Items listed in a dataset
• • • • •

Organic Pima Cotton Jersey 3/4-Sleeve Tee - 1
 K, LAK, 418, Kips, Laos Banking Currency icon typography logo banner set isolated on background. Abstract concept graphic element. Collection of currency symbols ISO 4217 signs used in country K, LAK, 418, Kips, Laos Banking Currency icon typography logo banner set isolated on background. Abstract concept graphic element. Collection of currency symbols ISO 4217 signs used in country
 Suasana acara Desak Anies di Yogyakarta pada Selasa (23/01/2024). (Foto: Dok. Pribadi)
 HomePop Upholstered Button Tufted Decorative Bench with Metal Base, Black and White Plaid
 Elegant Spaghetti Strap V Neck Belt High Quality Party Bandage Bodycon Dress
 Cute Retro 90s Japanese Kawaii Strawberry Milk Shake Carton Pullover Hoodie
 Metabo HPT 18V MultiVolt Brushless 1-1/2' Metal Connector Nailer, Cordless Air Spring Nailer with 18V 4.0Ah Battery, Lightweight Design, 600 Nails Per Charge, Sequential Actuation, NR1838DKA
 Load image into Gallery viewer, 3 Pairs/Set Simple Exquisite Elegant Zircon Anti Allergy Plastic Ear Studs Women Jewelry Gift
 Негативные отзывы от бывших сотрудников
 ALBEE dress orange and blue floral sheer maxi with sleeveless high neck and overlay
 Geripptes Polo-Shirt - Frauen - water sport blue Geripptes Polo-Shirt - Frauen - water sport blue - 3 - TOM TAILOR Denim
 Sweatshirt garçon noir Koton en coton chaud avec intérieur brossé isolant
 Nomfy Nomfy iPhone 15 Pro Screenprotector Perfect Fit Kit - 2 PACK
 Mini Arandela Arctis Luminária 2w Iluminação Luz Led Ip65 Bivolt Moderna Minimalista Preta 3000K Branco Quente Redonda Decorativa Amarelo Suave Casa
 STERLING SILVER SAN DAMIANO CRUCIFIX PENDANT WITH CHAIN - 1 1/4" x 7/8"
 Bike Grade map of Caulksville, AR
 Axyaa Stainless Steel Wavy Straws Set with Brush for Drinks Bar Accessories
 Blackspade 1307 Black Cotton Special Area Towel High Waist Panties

• • • • •

== EXERCISE DIRECTIONS ==
Copy only this part of the entries above: the line with "Nomfy Nomfy iPhone", the line with "Mini Arandela Arctis", and the lines between, all exactly as written.

== EXERCISE ANSWER ==
 Nomfy Nomfy iPhone 15 Pro Screenprotector Perfect Fit Kit - 2 PACK
 Mini Arandela Arctis Luminária 2w Iluminação Luz Led Ip65 Bivolt Moderna Minimalista Preta 3000K Branco Quente Redonda Decorativa Amarelo Suave Casa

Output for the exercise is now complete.